Records supplied:
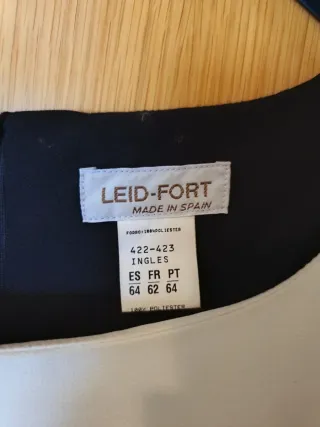 Vestido ceremonia largo LEID-FORT negro/blanco T64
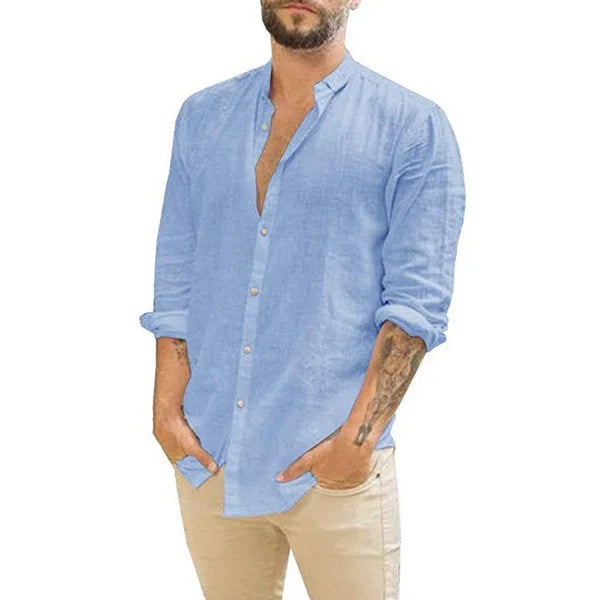 Camisa de linho respirável masculina, confortável, cor sólida, manga comprida, solta, Harajuku, blusa casual, camisa havaiana, breve, 2022
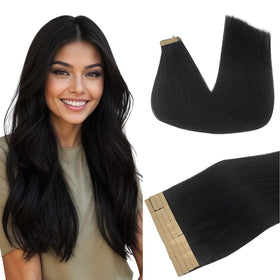 DOORES Tape in Hair Extensions 14-24 inch pack front view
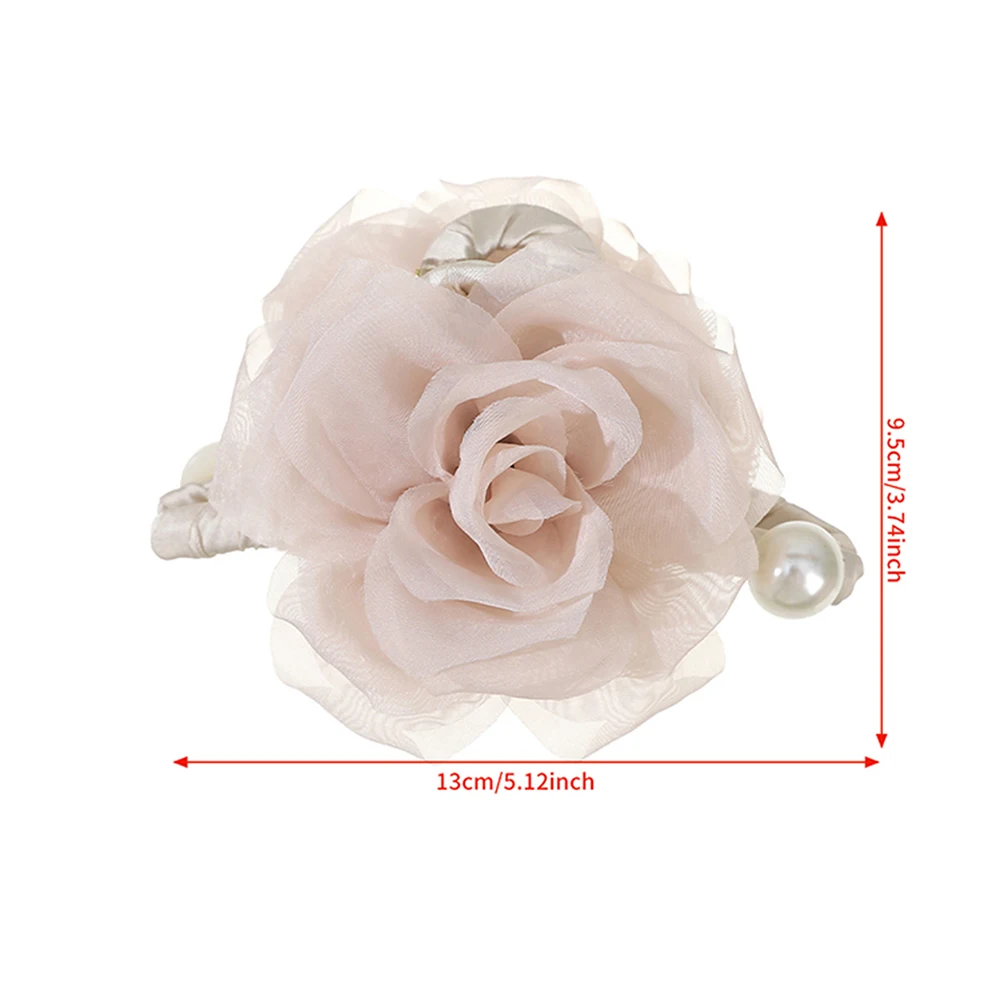 شبكة زهرة مشبك شعر السيدات أنيقة ذيل حصان الشعر ال...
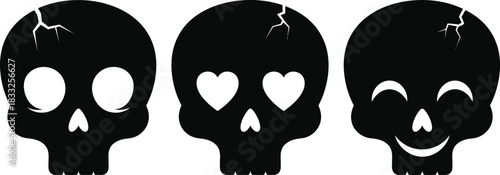 A collection of three cute black skull emoticons expressing emotions of love and happiness. Vector graphic illustration set for creative design 19.eps
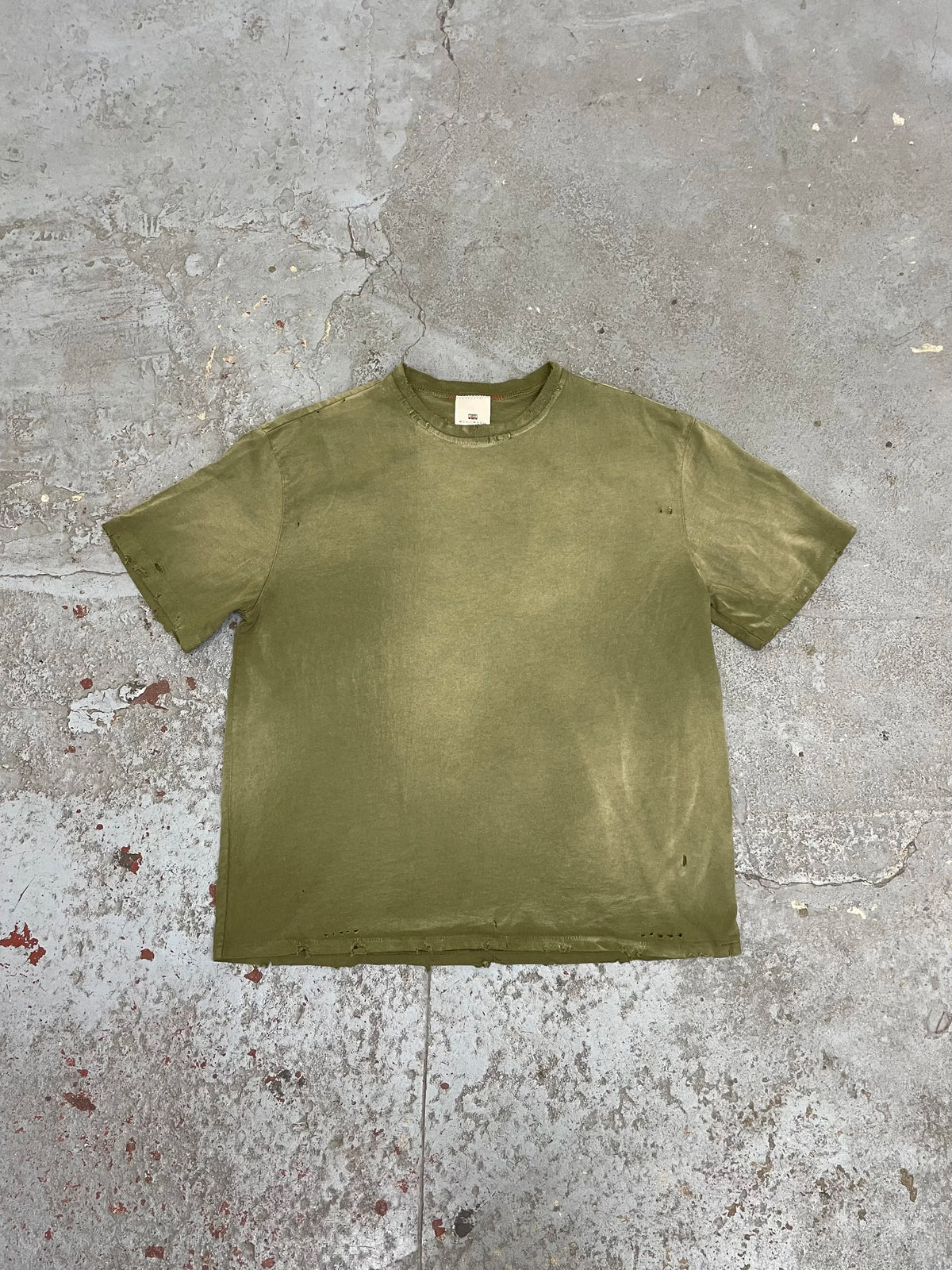 Oversized crop t-shirts aged military green (single stitch)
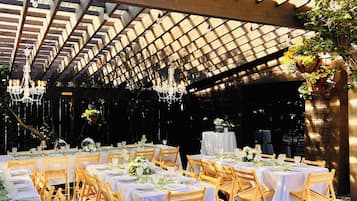 Outdoor banquet area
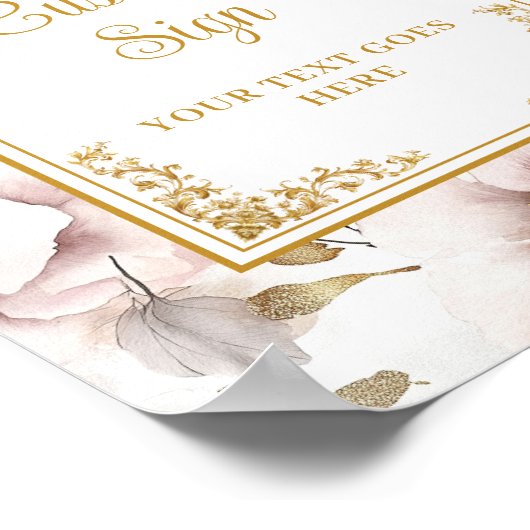 Einfache staubige rosa Blume und Goldverheiratung Poster (Ecke)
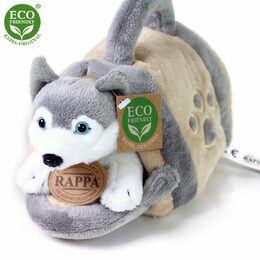 Rappa Plyšový pes Husky  s přepravkou 13 cm ECO-FRIENDLY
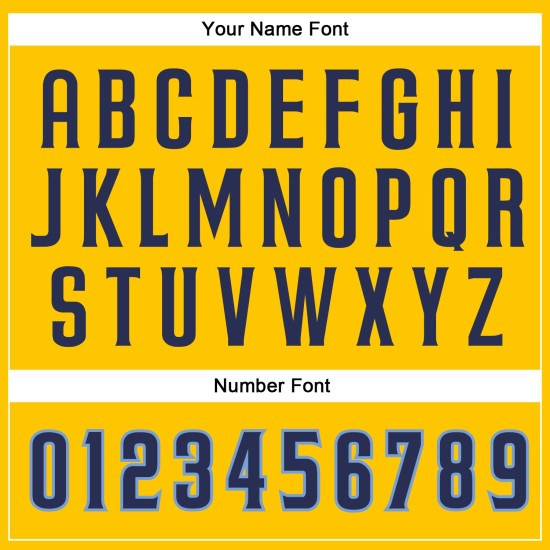 Maglia da baseball autentica blu navy-chiaro oro personalizzata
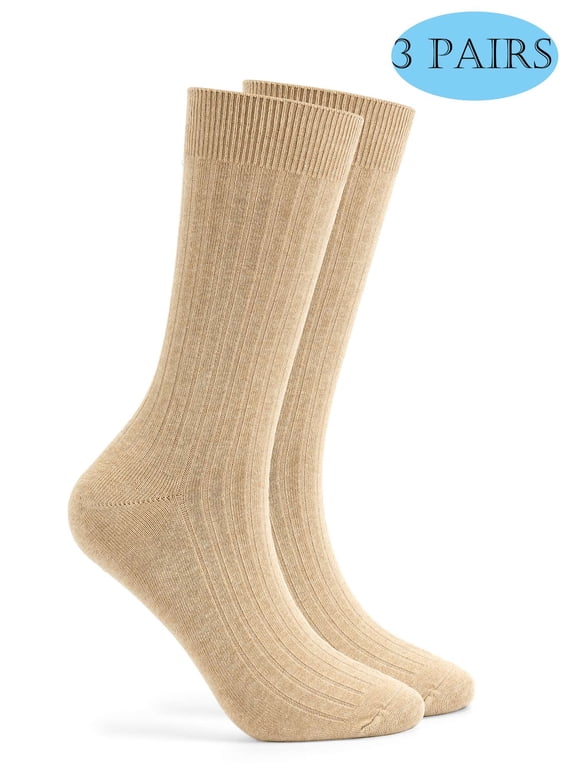 3 Pairs Crew Socks for Men Women Ultra Soft Breathable Cotton Dress Socks Cotton Sock Size 11-13 (Khaki)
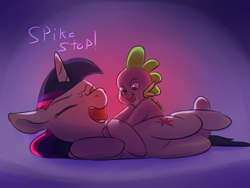 Size: 1280x960 | Tagged: safe, artist:imsokyo, derpibooru import, spike, twilight sparkle, dragon, daily life of spike, eyes closed, laughing, open mouth, tickling, tumblr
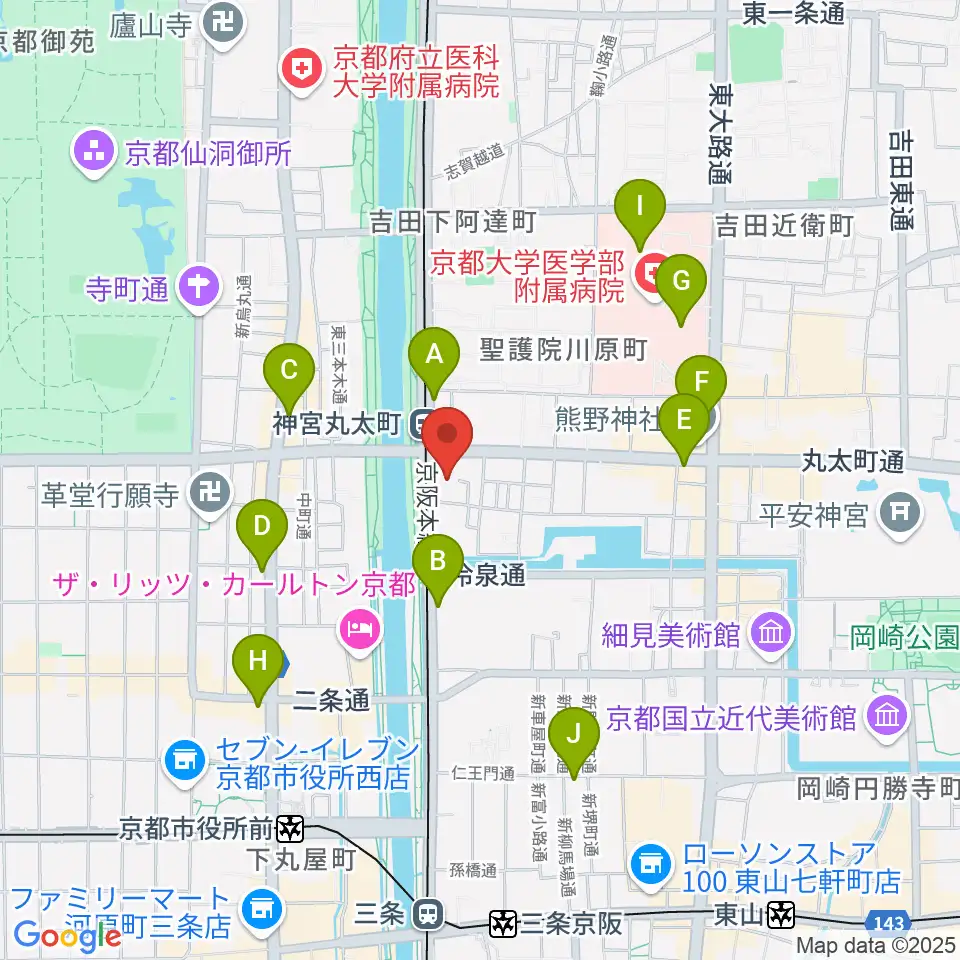 京都メトロ周辺のコンビニエンスストア一覧地図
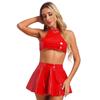 Women's Patent Leather Halter Vest and Mini Skirt High Waist A-line Pleated Skirt Disco Rave Dance Costume Clubwear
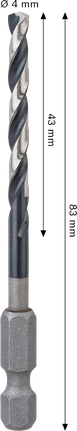 Bosch PRO Metal HSS-G Impact Twist Drill Bit 4 mm.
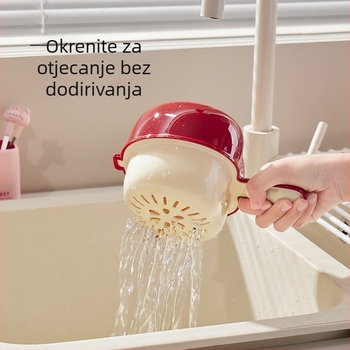 Dvostruki koš za pranje voća s odvodom i simpatičnom držkom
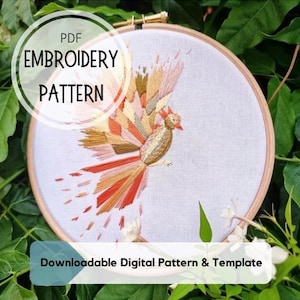 Phoenix PDF Download, hand embroidery pdf, Abstract embroidery, digital pdf, Phoenix hand embroidery pattern, pattern download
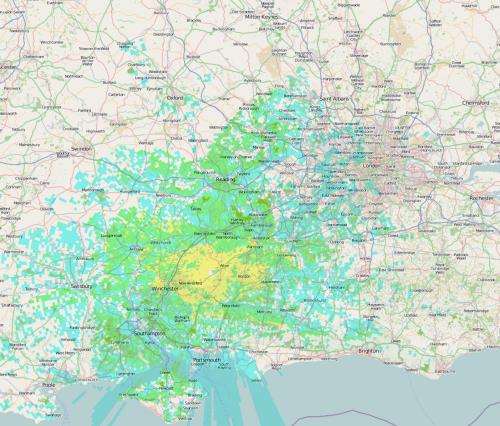 GB3SN Coverage Map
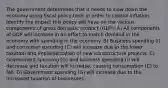 The government determines that it needs to slow down the economy using fiscal policy tools in order to control inflation. Identify the impact this policy will have on the various components of gross domestic product (GDP). A) All components of GDP will increase in an effort to match demand in the economy with spending in the economy. B) Business spending (I) and consumer spending (C) will increase due to the lower taxation and implementation of new infrastructure projects. C) Government spending (G) and business spending (I) will decrease and taxation will increase, causing consumption (C) to fall. D) Government spending (G) will increase due to the increased taxation of businesses.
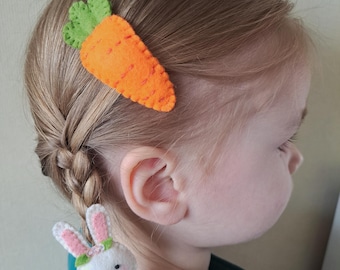 Set haarspeldjes konijn en wortel, vilten lentehaaraccessoires, paascadeau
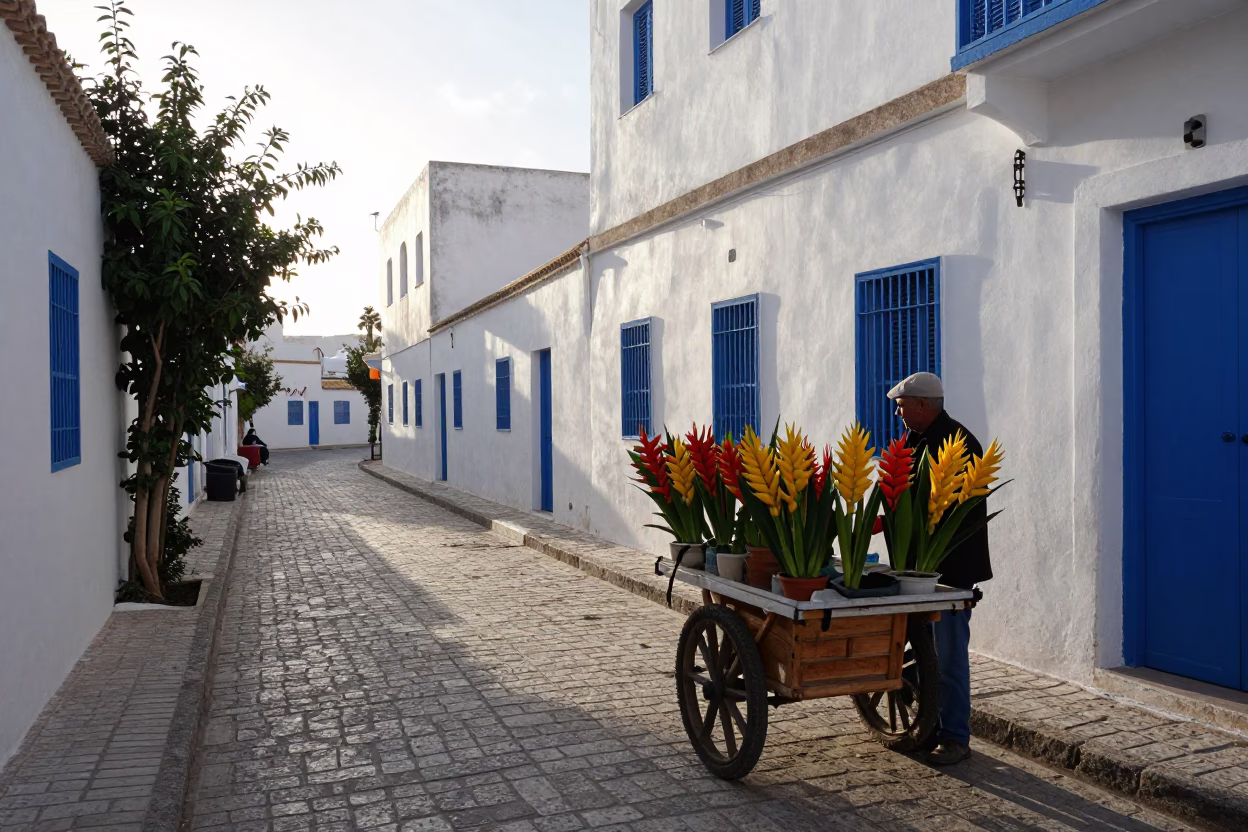Early Morning Tunis Street Scene with Heliconia Flowers and Local Market Activity in in Tunis, Tunisia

Task to complete: Return the full material word for word. Do not include the pictures.

Response for this exercise:
 Vestido ceremonia largo LEID-FORT negro/blanco T64
 Camisa de linho respirável masculina, confortável, cor sólida, manga comprida, solta, Harajuku, blusa casual, camisa havaiana, breve, 2022
 DOORES Tape in Hair Extensions 14-24 inch pack front view
 شبكة زهرة مشبك شعر السيدات أنيقة ذيل حصان الشعر ال...
 A collection of three cute black skull emoticons expressing emotions of love and happiness. Vector graphic illustration set for creative design 19.eps
 Oversized crop t-shirts aged military green (single stitch)
 Outdoor banquet area
 Einfache staubige rosa Blume und Goldverheiratung Poster (Ecke)
 Rappa Plyšový pes Husky  s přepravkou 13 cm ECO-FRIENDLY
 Maglia da baseball autentica blu navy-chiaro oro personalizzata
 3 Pairs Crew Socks for Men Women Ultra Soft Breathable Cotton Dress Socks Cotton Sock Size 11-13 (Khaki)
 Size: 1280x960 | Tagged: safe, artist:imsokyo, derpibooru import, spike, twilight sparkle, dragon, daily life of spike, eyes closed, laughing, open mouth, tickling, tumblr
 京都メトロ周辺のコンビニエンスストア一覧地図
 Women's Patent Leather Halter Vest and Mini Skirt High Waist A-line Pleated Skirt Disco Rave Dance Costume Clubwear
 Bosch PRO Metal HSS-G Impact Twist Drill Bit 4 mm.
 Dvostruki koš za pranje voća s odvodom i simpatičnom držkom
 Phoenix PDF Download, hand embroidery pdf, Abstract embroidery, digital pdf, Phoenix hand embroidery pattern, pattern download
 GB3SN Coverage Map
 The government determines that it needs to slow down the economy using fiscal policy tools in order to control inflation. Identify the impact this policy will have on the various components of gross domestic product (GDP). A) All components of GDP will increase in an effort to match demand in the economy with spending in the economy. B) Business spending (I) and consumer spending (C) will increase due to the lower taxation and implementation of new infrastructure projects. C) Government spending (G) and business spending (I) will decrease and taxation will increase, causing consumption (C) to fall. D) Government spending (G) will increase due to the increased taxation of businesses.
 Set haarspeldjes konijn en wortel, vilten lentehaaraccessoires, paascadeau
Early Morning Tunis Street Scene with Heliconia Flowers and Local Market Activity in in Tunis, Tunisia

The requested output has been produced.